Pietro Querini’s fateful journey

In April 1431 the Venetian merchant Pietro Querini sailed from Crete with a large crew and a cargo of wine, spices, cypress wood and cloth, bound for Flanders in today’s Belgium. Fate unfortunately had other plans, and the journey ended with Querini and his crew becoming shipwrecked off northern Norway.
Who was Pietro Querini?
Pietro Querini lived in 15th-century Venice – a city governed by a nobility that also pursued international trade. As a member of the influential Querini family, he was both a nobleman and a merchant. He lived as a man of his position typically did: he was educated, travelled and did business. But what was intended as a voyage of trade turned into something completely different. This is how Pietro Querini himself described the way the disaster began to unfold:
”On 10 November the pintles and gudgeons were broken off the rudder (which of course are the bridle and reins of the ship). It felt as if I was standing by the gallows with the noose around ...death was that close. But I pulled myself together as best I could and began, in speech and gesture, to comfort the terrified sailors, as a captain should”.
On the high seas
They were now far from land, about 700 nautical miles off the coast of Ireland, with nothing but rough seas around them. Pietro began rationing food. All the crew members, including Pietro, received equal amounts. Some of the sailors, convinced they were soon going to die, began to get themselves drunk on the precious Malvasia wine that was the ship’s cargo.
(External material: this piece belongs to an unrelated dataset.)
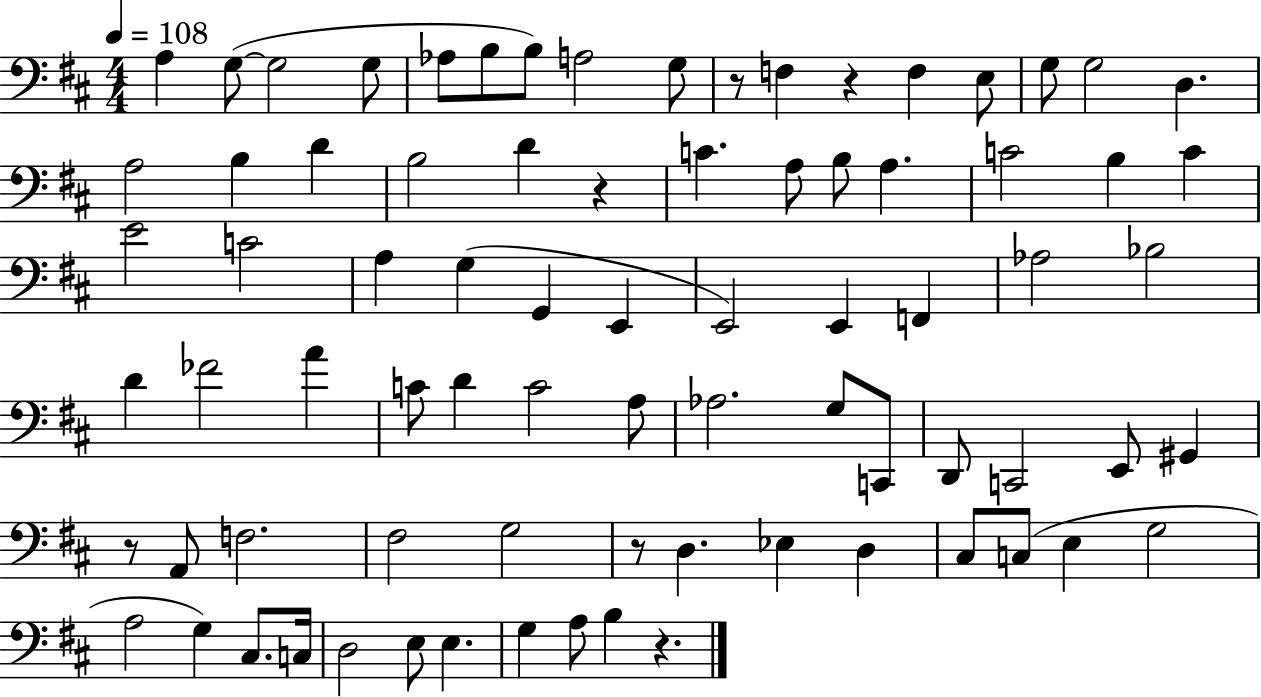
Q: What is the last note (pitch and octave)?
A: B3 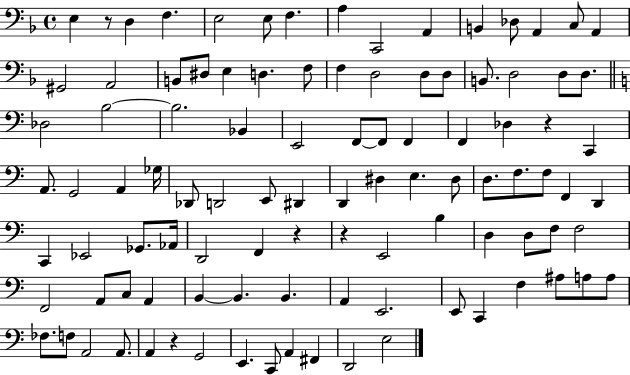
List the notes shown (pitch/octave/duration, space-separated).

E3/q R/e D3/q F3/q. E3/h E3/e F3/q. A3/q C2/h A2/q B2/q Db3/e A2/q C3/e A2/q G#2/h A2/h B2/e D#3/e E3/q D3/q. F3/e F3/q D3/h D3/e D3/e B2/e. D3/h D3/e D3/e. Db3/h B3/h B3/h. Bb2/q E2/h F2/e F2/e F2/q F2/q Db3/q R/q C2/q A2/e. G2/h A2/q Gb3/s Db2/e D2/h E2/e D#2/q D2/q D#3/q E3/q. D#3/e D3/e. F3/e. F3/e F2/q D2/q C2/q Eb2/h Gb2/e. Ab2/s D2/h F2/q R/q R/q E2/h B3/q D3/q D3/e F3/e F3/h F2/h A2/e C3/e A2/q B2/q B2/q. B2/q. A2/q E2/h. E2/e C2/q F3/q A#3/e A3/e A3/e FES3/e. F3/e A2/h A2/e. A2/q R/q G2/h E2/q. C2/e A2/q F#2/q D2/h E3/h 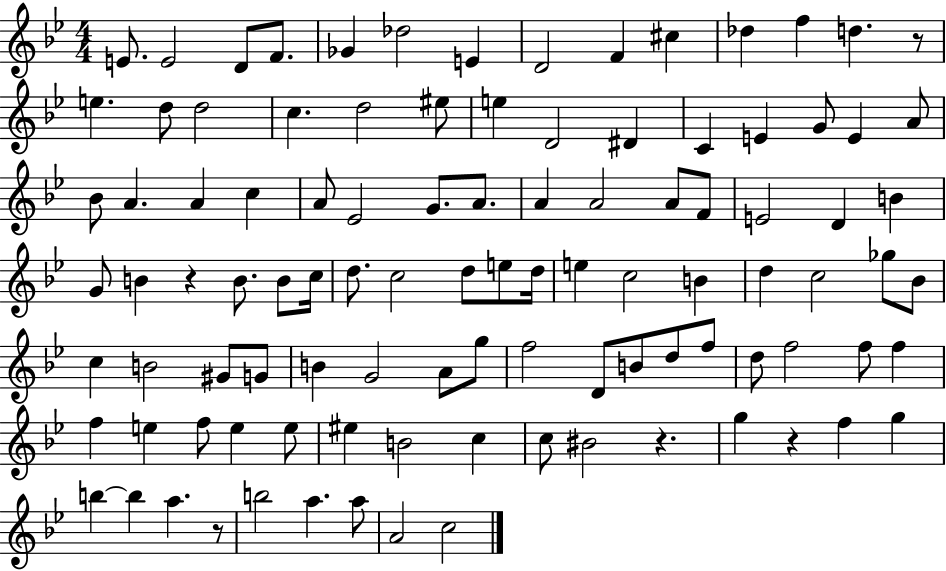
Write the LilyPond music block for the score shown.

Pietro and his ship’s officers realised that they would die of hunger and thirst if they remained on the vessel, which now lacked both rudder and mast. But they worried about how the sailors would react to the order to enter the lifeboats in the rough seas, drunk as they were. Tearfully they offered their prayers to the Virgin Mary. On 17 December the crew entered the lifeboats without protesting: twenty-one in the smaller lifeboat and forty-seven in the bigger one. Two boats without masts on the vast and merciless sea.
Each lifeboat had salvaged a cask of wine, ship’s biscuits, ham, pressed ginger and lemon juice. When the lifeboats almost capsized in the high seas, they threw overboard most of their cargo – wine, food, clothes and tools. Pietro described it with the following words:
”… in order to prolong our lives we must also rid ourselves of that which we would live off”.
On 29 December the wine ran out, and some crew members now drank seawater to quench their thirst. Others drank their own urine. As all those who had drunk seawater died the same night, a conviction took hold that drinking urine was the better option given a choice between that and seawater.
On 4 January Pietro’s boat ran aground on a barren island. Those strong enough dragged themselves ashore and licked the snow to quench their thirst. Contact had long since been lost with the smaller boat. They would never know what happened to their twenty-one fellow crew members.
Scorching thirst and gnawing hunger
A new existence now began on the bare and desolate island in northern Norway. Of forty-seven men, sixteen were still alive. When they checked their food supplies they realised they only had a sack of biscuit crumbs mixed with rat droppings, one ham, and a small piece of cheese. They built two tents out of the oars, a sail and two coats, and broke up the stranded lifeboat for firewood. After a few days only the small mussels that grew on the rocks remained for them to eat. The men suffered badly with cold and hunger, and from the lice that crawled across their thinning bodies.
A ray of hope?
One day Pietro’s servant found a hut on the other side of the island when he went to collect mussels. Those strong enough made their way there. Now they had a proper shelter against the elements.
A few days later something happened that Pietro described as a miracle. The son of a fisherman who lived eighty kilometres nearer the coast had a vision in which he saw Pietro and his men. He sailed to the island with his father, and they saw the smoke from the hut.
A wanderer in the world
Members of the fishing community who heard about the men on the island made their way there with lots of food, and brought the men back in their boats. The priest of the local church could speak Latin to Pietro, who told him what had happened.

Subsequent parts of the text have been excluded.